⚖️ Civ. 3e, 26 janv. 2022, FS-B, n° 20-23.614
Un copropriétaire peut agir en responsabilité délictuelle contre un autre copropriétaire en raison des dommages qu’il subit même si ces dommages trouvent leur cause dans une partie commune dont celui-ci a la jouissance privative.
Les faits :
L’espèce se situe dans un immeuble en copropriété dans lequel certains appartements jouissent d’une terrasse. D’après le règlement de copropriété et le régime traditionnel des terrasses et balcons en copropriété, ces terrasses sont déclarées “parties communes à jouissance privative“.
L’un des copropriétaires est victime d’infiltrations en provenance de la terrasse de l’un de ses voisins. Le copropriétaire lésé assigne son voisin en justice pour obtenir réparation de son préjudice.
La Cour d’appel saisie rejette la demande de la victime au motif que l’action intentée contre le propriétaire de la terrasse fuyarde aurait dû l’être contre le syndicat des copropriétaires. La demande est donc irrecevable car, argumente le juge du fond, “un copropriétaire n’a pas qualité pour répondre de désordres provenant de parties communes même s’il en est le gardien, et quand bien même il en aurait la jouissance exclusive“.
Le conflit est alors porté devant la Cour de cassation
Le problème de droit :
Le syndicat des copropriétaires a-t-il seul qualité pour répondre du préjudice trouvant son origine dans les parties communes d’un immeuble dont un autre copropriétaire a la jouissance exclusive ? Ou bien l’action en réparation peut-elle être dirigée contre ce copropriétaire ?
La réponse du juge :
Ce cas d’espèce voit la mise en oeuvre des art 14 et 15 de la loi du 10 juillet 1965 :
Art. 14 al.5 : Le syndicat est responsable des dommages causés aux copropriétaires ou aux tiers ayant leur origine dans les parties communes, sans préjudice de toutes actions récursoires.
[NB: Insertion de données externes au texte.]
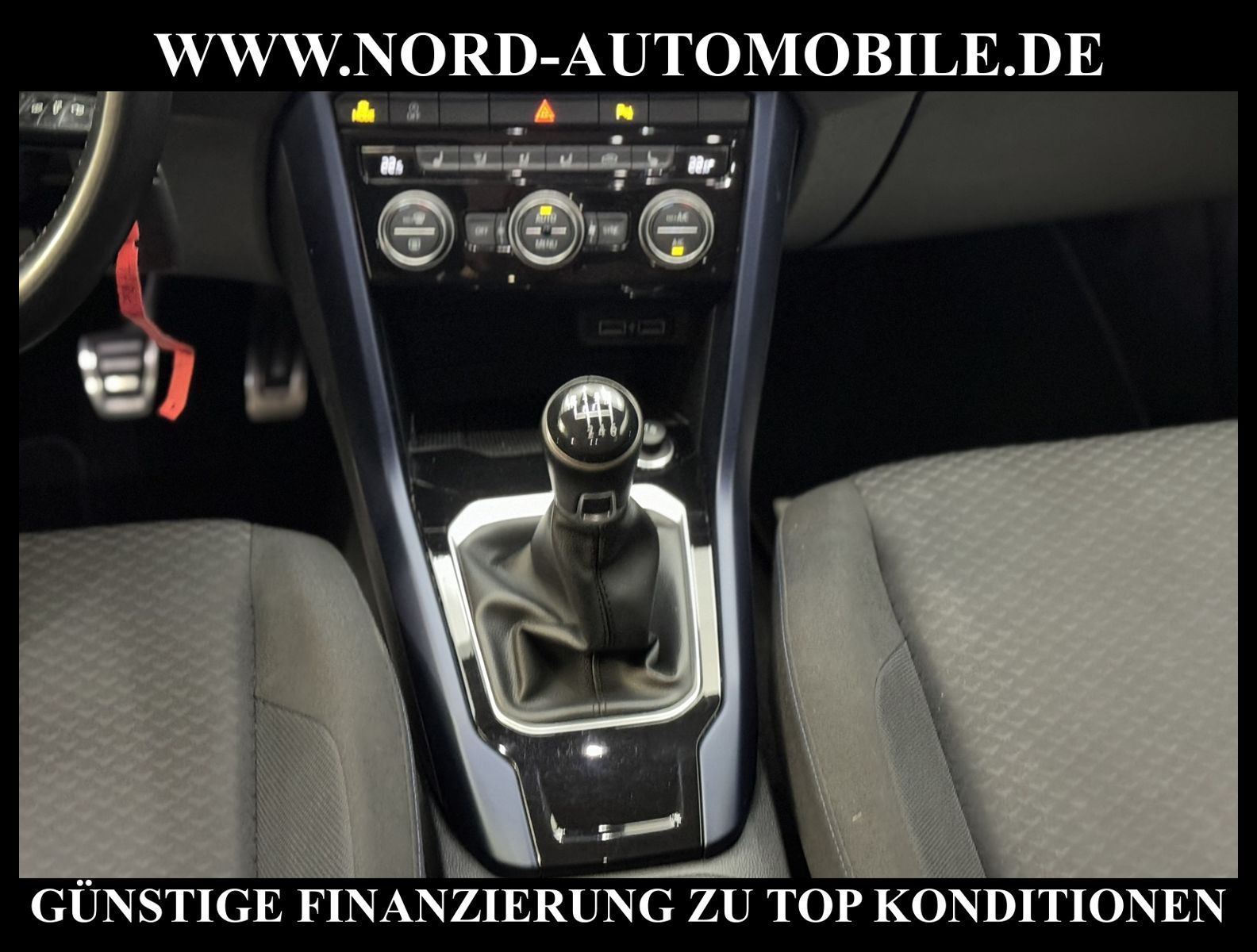 Volkswagen T-Roc 1.0 TSI R-Line - Samsaru's Car Outlet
Art. 15 al. 2 : Tout copropriétaire peut néanmoins exercer seul les actions concernant la propriété ou la jouissance de son lot, à charge d’en informer le syndic.
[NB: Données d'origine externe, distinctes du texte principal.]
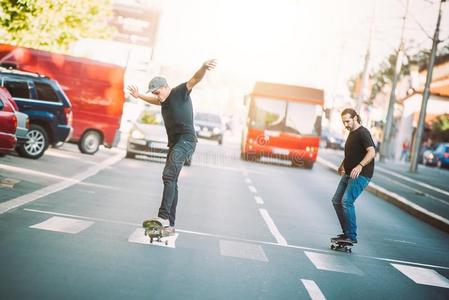 两个滑板运动员骑马滑板斜坡向指已提到的人城市大街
Le juge de la Haute Cour cassera la décision de la Cour d’Appel. En effet rappelle-t-il “la responsabilité du syndicat des copropriétaires au titre de l’article 14 de la loi du 10 juillet 1965 n’est pas exclusive de la responsabilité délictuelle encourue par un copropriétaire.“
Un copropriétaire peut donc agir directement à l’encontre d’un autre pour des dommages trouvant leur origine dans des parties communes même si celles-ci sont placées sous la garde et la jouissance exclusive d’un autre copropriétaire. Cette action se fonde sur la théorie des troubles anormaux de voisinage ou de la responsabilité délictuelle.